We all know this time of year well – the time when we either get excited for a return or dread liability for more taxes. When gross income is greater than your exemption amount plus the standard deduction, chances are you will end up owing the government money. If you receive some Social Security benefits, you may think you are rid of this arduous process but no such luck!
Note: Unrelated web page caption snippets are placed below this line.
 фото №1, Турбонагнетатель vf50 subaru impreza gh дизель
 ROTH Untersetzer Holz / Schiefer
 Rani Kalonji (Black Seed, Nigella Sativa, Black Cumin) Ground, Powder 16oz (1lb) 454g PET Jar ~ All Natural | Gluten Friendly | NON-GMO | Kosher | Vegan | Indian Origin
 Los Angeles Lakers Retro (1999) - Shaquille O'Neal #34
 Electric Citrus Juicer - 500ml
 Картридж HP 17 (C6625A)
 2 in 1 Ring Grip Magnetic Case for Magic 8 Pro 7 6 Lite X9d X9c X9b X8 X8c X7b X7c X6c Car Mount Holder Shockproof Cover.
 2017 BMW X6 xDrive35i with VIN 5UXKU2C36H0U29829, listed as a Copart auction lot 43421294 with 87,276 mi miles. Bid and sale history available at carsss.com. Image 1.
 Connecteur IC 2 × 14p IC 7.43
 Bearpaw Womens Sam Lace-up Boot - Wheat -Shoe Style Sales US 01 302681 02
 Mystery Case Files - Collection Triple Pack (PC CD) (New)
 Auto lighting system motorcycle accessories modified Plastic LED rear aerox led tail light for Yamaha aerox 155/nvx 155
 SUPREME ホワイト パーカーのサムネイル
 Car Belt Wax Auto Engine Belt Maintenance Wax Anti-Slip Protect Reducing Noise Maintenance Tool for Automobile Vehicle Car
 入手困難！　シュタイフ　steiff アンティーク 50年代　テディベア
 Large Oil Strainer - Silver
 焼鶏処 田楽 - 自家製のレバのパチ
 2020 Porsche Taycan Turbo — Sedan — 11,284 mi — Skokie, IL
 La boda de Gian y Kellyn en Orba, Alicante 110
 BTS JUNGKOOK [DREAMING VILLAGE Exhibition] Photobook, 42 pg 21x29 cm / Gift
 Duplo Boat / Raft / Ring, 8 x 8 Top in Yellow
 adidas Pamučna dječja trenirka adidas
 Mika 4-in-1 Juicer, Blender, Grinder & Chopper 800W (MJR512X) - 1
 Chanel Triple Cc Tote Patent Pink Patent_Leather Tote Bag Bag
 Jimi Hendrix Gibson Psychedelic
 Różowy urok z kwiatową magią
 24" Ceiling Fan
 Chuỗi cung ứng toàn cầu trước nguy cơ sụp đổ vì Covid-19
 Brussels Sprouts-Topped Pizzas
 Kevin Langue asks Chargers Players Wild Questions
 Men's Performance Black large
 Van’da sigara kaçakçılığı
History of Social Security Taxation
The good news is that households of the non-elderly pay almost double the taxes of the elderly, so you may not have to pay as much as expected. The government gives preferential treatment to those who saved for retirement, and Social Security income is taxed differently. If Social Security is your only income, you may even be able to stop filing taxes! For the first 50 years of the program’s existence, it was not taxed at all; however, due to decreased incomes and increased reliance on the program in the 1980’s, Social Security benefits started getting taxed.
Potential Taxable Income
While you may be retired, there are other forms of income you receive. Traditional IRA and 401(k) accounts are taxable and count as income. Roth IRAs are slightly different, and withdrawals cannot be taxed if you retire past the age of 60. Past the age of 70, you also do not have to take Requires Minimum Distributions (RMDs) from your Roth. Additionally, stocks, bonds, real estate, and other investments can be taxed up to 15 percent depending on your tax bracket. This is why many financial advisors recommend using up taxable accounts, then tax-deferred retirement accounts, and finally Roth IRAs.
When You Must File Taxes
If you are over the age of 65 and live alone without any dependents on an income of more than $11, 850, you must file an income tax return. If part of your income comes from Social Security, you do not need to include this in the gross amount. If you are married and both are over 65-years-old, your combined income cannot exceed $23,100 if you plan to stop filing taxes. If your spouse is younger than you (and younger than 65), this amount decreases to $21,850. Remember – do not include Social Security in your gross income! This will drastically alter your income amount.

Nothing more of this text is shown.